* _Work to complete_:
Reproduce exactly the entries from the "Ferienwohnung Ikarus Athen Exterior foto" line to the end. Skip all pictures.

(Web page caption snippets)
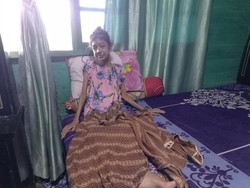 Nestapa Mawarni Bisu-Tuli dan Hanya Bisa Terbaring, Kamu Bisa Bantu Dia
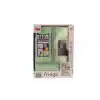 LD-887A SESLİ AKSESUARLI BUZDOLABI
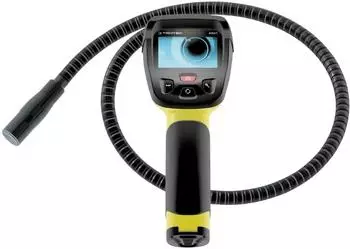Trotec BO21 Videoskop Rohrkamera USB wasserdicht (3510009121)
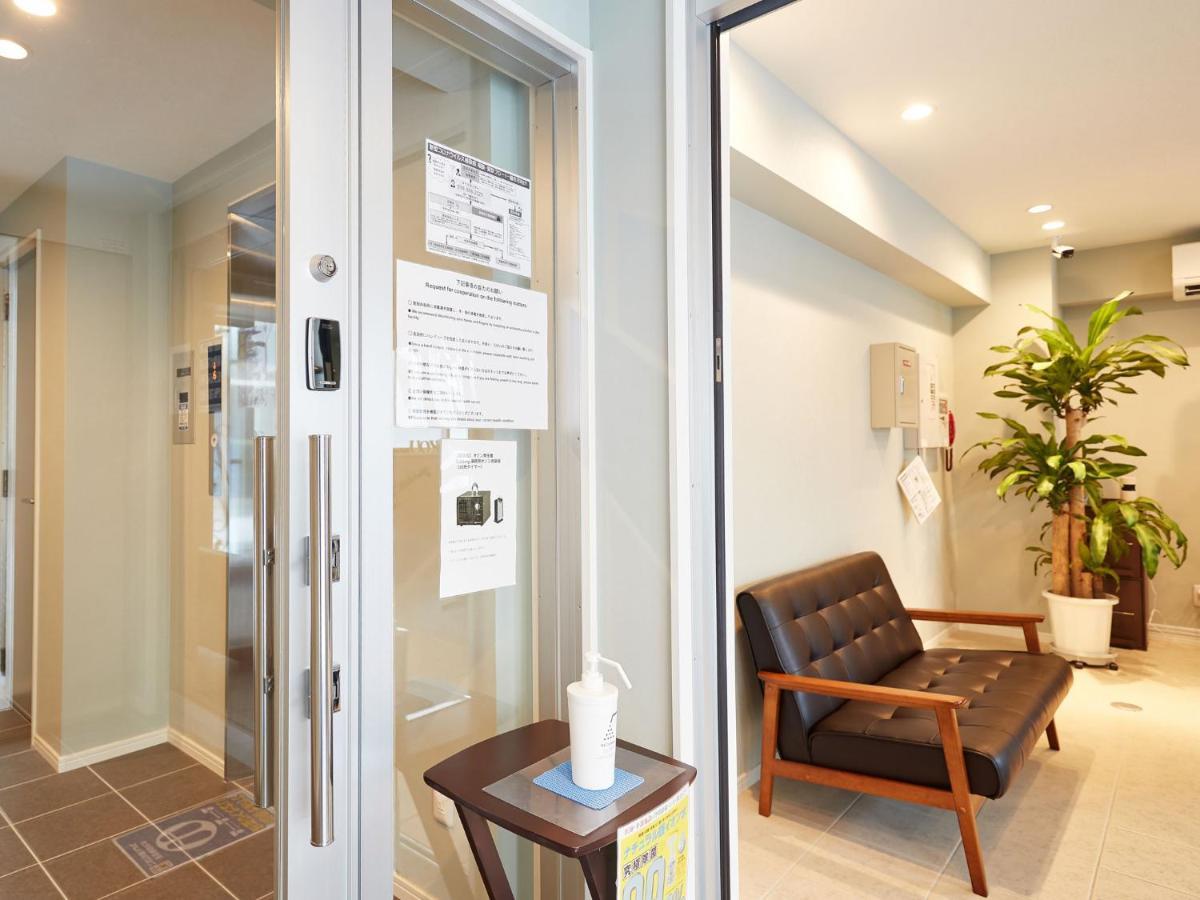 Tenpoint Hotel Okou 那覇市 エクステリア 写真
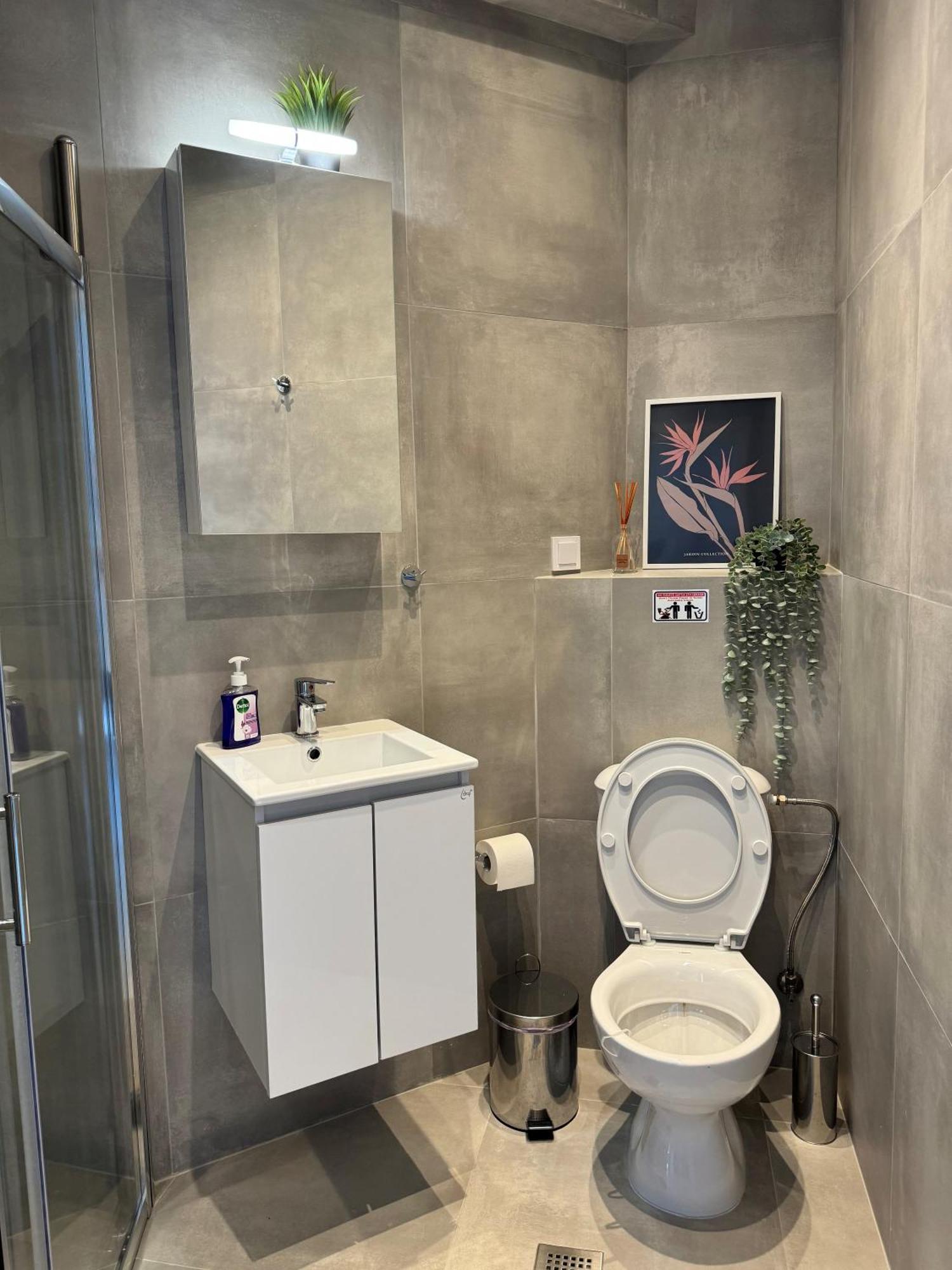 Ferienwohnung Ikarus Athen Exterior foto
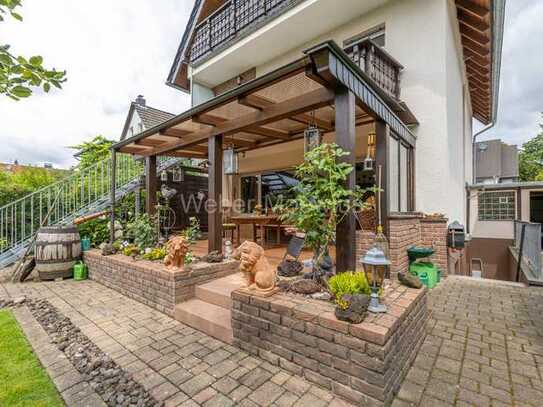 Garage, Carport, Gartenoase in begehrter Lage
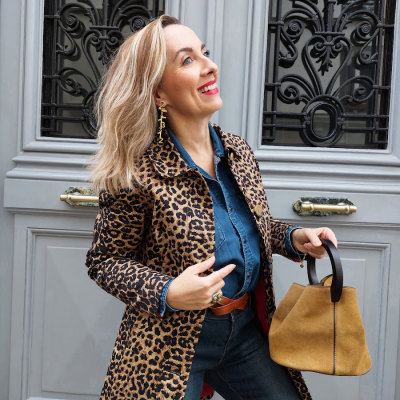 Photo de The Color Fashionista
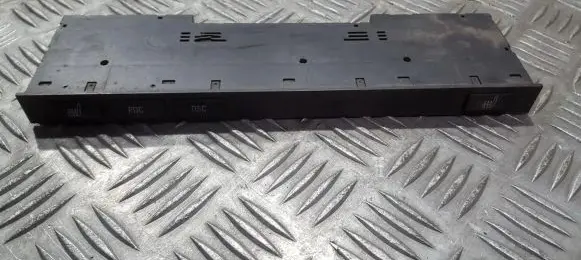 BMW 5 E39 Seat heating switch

* _Reply to the task_:
 Ferienwohnung Ikarus Athen Exterior foto
 Garage, Carport, Gartenoase in begehrter Lage
 Photo de The Color Fashionista
 BMW 5 E39 Seat heating switch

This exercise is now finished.